Nasib Maskapai Dihantam Pandemi
Di zaman Normal pun maskapai banyak yang tumbang karena salah urus. Merugi dan Berujung Bangkrut. Kesalahan dalam pengelolaan dan korupsi seringkali mematikan langkah industri penerbangan.

Nasib Maskapai Dihantam Pandemi
MONDAYREVIEW.COM – Di zaman Normal pun maskapai banyak yang tumbang karena salah urus. Merugi dan Berujung Bangkrut. Kesalahan dalam pengelolaan dan korupsi seringkali mematikan langkah industri penerbangan.
Moda transportasi udara sangat menentukan di era modern. Mobilitas manusia semakin tinggi. Waktu adalah uang. Jarak semakin dekat. Batas-batas semakin tak tertembus. Transportasi penumpang dan barang semakin tinggi kapasitas dan volumenya.
Transportasi udara teramat penting bagi Indonesia sebagai negara kepulauan. Mobilitas antar pulau sebagian dapat diangkut dengan kapal laut. Sebagian lagi membutuhkan layanan udara. Terutama untuk penumpang. Juga barang tertentu yang butuh dikirim cepat.
Setelah pembatasan PPSB maskapai penerbangan nasional mulai beroperasi. Namun, ketidaksiapan penumpang untuk mengikuti protokol normal baru menghentikan langkah ini. Ancaman penyebaran virus corona masih di depan mata. Angka penyebaran masih belum menunjukkan tanda-tanda mereda.
Sudah tiga bulan pandemi menghantam. Industri penerbangan paling terpukul. Kecuali untuk transportasi cargo nyaris tak ada penerbangan. Kalaupun ada sedikit sekali.
Jika penumpang diharuskan memiliki hasil tes PCR maka maskapai akan gigit jari. Bayangkan, biaya tes ini mencapai 2,5 juta. Hanya mereka yan berkantong tebal dan wira-wiri dengan transportasi udara yang akan sanggup memenuhinya.
Misalkan untuk Maskapai Lion. Saat ini jumlah karyawan Lion Air Group mencapai ± 23.000 orang. Lion Air berdiri tanggal 15 November 1999 berdasarkan Izin Usaha Angkutan Udara Berjadwal dari Direktorat Jendral Perhubungan Udara Nomor KEP/267/XI/1999.
Belum lagi musim badai membuat penerbangan tidak aman di Asia.

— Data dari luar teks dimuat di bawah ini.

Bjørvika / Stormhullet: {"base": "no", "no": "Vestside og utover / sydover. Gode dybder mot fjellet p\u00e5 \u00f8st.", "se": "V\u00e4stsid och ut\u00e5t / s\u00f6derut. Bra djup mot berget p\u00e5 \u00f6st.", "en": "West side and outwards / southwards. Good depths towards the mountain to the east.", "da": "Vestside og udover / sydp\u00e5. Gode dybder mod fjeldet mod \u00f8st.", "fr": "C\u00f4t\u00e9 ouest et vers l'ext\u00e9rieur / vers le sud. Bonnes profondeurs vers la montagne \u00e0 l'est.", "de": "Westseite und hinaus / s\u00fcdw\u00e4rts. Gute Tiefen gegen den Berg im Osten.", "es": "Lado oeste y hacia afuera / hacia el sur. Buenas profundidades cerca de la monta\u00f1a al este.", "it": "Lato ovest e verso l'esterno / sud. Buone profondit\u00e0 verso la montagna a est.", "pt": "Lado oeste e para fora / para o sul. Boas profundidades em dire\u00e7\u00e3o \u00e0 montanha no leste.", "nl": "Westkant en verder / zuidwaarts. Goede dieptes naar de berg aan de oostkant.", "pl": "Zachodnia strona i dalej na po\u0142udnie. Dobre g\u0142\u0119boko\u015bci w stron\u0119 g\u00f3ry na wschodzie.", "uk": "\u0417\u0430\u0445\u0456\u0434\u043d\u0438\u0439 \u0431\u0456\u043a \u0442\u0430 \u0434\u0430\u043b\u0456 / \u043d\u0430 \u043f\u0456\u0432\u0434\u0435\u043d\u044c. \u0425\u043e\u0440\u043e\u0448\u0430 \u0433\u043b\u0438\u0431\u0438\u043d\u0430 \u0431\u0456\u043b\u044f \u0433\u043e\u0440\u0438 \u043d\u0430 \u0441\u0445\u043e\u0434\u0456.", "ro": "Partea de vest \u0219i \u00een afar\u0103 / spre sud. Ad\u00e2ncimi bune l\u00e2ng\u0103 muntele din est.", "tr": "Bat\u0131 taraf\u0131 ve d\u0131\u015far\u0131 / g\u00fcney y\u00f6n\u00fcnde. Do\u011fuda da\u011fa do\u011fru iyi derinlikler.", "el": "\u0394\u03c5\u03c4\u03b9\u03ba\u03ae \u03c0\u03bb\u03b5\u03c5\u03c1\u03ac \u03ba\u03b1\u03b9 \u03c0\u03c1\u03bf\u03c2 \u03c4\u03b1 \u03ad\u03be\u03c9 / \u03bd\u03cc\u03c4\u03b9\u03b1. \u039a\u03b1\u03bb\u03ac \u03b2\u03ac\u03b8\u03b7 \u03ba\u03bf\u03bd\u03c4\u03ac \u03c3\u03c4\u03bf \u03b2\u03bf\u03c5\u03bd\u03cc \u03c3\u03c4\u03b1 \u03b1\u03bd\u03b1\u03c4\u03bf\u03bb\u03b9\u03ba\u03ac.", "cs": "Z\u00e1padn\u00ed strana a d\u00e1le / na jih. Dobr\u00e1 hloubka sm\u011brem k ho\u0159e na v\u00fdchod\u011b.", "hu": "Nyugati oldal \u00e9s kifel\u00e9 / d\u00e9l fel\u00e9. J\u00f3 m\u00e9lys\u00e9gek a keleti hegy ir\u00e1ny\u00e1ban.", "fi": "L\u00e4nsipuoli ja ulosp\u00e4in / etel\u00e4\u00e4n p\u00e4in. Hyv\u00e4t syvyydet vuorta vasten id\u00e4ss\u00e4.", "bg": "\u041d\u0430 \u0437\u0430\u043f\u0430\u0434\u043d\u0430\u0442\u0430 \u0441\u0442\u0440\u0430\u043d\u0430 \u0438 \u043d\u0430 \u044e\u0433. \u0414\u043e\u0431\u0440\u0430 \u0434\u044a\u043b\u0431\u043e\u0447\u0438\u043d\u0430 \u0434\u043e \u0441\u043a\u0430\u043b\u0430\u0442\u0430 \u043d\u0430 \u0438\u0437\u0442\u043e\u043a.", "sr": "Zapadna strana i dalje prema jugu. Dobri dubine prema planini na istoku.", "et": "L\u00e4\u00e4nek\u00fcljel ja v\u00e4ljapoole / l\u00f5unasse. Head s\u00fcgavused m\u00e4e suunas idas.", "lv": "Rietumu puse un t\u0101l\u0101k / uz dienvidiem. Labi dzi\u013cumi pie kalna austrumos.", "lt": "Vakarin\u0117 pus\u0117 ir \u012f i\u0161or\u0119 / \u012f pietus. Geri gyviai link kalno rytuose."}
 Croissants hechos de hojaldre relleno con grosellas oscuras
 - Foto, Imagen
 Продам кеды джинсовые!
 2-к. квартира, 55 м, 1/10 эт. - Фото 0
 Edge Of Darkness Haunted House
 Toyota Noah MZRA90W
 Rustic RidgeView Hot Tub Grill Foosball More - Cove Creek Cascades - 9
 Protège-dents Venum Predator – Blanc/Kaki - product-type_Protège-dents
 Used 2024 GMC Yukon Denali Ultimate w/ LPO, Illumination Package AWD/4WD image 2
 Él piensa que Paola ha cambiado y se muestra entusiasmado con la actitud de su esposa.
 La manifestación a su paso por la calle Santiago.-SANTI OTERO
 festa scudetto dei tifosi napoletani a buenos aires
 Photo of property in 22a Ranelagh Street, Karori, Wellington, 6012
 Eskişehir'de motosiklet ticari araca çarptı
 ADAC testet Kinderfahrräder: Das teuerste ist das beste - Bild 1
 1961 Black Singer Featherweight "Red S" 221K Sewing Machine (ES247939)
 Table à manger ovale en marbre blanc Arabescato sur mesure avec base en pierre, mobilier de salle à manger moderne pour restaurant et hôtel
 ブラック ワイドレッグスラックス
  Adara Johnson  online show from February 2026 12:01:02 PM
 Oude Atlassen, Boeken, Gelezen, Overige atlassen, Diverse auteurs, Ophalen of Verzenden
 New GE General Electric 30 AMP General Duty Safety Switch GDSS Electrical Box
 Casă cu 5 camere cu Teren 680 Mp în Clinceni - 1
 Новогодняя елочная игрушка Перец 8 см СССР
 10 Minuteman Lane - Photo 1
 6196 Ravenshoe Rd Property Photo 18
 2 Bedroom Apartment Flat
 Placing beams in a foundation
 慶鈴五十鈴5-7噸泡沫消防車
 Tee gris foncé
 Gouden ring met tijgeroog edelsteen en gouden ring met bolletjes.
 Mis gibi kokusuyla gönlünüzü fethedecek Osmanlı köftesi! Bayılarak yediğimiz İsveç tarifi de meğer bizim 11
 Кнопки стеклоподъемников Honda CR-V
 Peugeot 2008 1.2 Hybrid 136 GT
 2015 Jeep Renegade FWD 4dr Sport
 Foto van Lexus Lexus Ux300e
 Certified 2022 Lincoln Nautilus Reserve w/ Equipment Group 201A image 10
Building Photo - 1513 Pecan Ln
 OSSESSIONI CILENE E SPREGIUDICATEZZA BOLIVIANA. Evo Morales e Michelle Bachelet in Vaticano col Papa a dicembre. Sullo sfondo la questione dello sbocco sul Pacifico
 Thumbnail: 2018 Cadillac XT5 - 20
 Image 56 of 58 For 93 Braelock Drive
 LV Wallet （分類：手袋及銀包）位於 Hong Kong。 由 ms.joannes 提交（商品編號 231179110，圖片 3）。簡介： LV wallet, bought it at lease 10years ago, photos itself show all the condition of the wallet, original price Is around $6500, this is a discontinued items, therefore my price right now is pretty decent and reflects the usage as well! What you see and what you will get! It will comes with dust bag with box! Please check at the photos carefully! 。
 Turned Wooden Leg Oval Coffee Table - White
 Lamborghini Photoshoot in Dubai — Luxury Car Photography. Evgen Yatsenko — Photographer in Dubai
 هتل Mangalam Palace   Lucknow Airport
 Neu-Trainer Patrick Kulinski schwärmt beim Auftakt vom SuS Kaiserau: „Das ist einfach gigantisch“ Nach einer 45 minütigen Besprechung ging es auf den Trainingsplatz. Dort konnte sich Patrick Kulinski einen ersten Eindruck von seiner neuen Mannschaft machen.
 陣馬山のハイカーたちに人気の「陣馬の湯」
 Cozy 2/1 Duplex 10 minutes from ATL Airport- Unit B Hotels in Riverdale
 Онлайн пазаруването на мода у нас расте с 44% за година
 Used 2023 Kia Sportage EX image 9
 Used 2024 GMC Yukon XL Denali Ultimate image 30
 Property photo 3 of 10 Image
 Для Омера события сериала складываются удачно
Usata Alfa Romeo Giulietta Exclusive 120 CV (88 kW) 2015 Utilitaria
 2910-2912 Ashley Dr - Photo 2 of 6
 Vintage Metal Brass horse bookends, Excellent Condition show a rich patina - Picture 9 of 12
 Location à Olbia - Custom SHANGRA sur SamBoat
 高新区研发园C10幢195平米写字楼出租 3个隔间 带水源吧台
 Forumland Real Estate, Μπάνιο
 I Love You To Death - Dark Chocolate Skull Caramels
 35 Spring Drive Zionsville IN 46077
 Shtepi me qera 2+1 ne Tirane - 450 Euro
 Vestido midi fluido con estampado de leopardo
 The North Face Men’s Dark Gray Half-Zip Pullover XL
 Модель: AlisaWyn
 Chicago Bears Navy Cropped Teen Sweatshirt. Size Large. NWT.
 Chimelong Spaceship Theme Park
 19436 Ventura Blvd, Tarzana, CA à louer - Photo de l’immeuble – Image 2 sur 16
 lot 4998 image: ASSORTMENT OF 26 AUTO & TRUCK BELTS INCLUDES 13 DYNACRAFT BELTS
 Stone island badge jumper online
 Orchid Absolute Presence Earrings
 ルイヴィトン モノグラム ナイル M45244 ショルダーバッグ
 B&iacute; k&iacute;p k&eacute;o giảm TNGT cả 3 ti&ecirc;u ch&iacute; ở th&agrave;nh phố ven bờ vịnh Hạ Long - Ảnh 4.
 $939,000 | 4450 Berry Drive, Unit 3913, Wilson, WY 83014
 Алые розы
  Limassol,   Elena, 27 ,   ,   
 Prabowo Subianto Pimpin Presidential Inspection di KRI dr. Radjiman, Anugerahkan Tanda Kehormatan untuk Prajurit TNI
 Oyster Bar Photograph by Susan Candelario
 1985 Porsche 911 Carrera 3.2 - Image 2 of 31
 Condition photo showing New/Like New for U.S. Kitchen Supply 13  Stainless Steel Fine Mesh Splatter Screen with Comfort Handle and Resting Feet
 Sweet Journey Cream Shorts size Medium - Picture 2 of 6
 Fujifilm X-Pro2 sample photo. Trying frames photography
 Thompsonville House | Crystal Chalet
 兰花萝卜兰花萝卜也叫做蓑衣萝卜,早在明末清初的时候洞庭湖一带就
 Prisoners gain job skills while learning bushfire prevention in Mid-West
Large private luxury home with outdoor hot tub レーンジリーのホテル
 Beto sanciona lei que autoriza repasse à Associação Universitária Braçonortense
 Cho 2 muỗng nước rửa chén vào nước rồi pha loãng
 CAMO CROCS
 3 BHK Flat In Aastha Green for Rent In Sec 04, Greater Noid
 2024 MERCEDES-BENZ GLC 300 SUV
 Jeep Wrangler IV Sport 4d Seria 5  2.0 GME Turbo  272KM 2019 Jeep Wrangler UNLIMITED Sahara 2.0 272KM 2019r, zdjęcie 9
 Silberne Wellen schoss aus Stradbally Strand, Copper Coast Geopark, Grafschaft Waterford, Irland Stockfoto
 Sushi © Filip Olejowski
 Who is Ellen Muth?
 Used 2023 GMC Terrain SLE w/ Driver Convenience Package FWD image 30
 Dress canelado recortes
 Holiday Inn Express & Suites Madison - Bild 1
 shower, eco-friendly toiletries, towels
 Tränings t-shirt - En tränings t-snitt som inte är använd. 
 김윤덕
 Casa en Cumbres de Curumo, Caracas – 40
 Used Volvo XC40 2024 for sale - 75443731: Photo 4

Reuters melaporkan bahwa perusahaan penerbangan, bandara, dan perusahaan asuransi di seluruh Asia bersiap menghadapi kemungkinan kerusakan yang luar biasa tinggi saat musim badai tropis di kawasan itu dimulai, ketika ratusan pesawat yang ditumpangi pandemi coronavirus tidak dapat dipindahkan dengan mudah.
Bandara-bandara besar di daerah yang rawan badai seperti Hong Kong, Taiwan, Jepang, Filipina, Thailand, dan India telah secara efektif berubah menjadi tempat parkir raksasa karena pembatasan perjalanan COVID-19 menghambat permintaan.
Perusahaan asuransi penerbangan, yang sudah siap untuk mengembalikan sebagian besar premi risiko kecelakaan karena landasan, sekarang menghadapi risiko yang lebih besar dari biasanya yang ditimbulkan dengan memiliki banyak pesawat terbang yang dikelompokkan bersama di bandara, kata para pakar industri.
Dalam panduan yang akan dikeluarkan untuk operator bandara minggu ini, dilihat oleh Reuters, kelompok perdagangan Airports Council International (ACI) memperingatkan bahwa menerbangkan pesawat keluar dari bahaya, praktik di waktu normal, mungkin tidak dimungkinkan. Dikatakan tindakan pencegahan ekstra seperti lebih banyak tie-down mungkin diperlukan.
Bandara Internasional Hong Kong, rumah bagi Cathay Pacific Airways Ltd dan Hong Kong Airlines, mengatakan pihaknya memiliki 150 pesawat yang diparkir dan tindakan pencegahan telah dilakukan untuk sebagian besar sebagai bagian dari persiapan musim badai.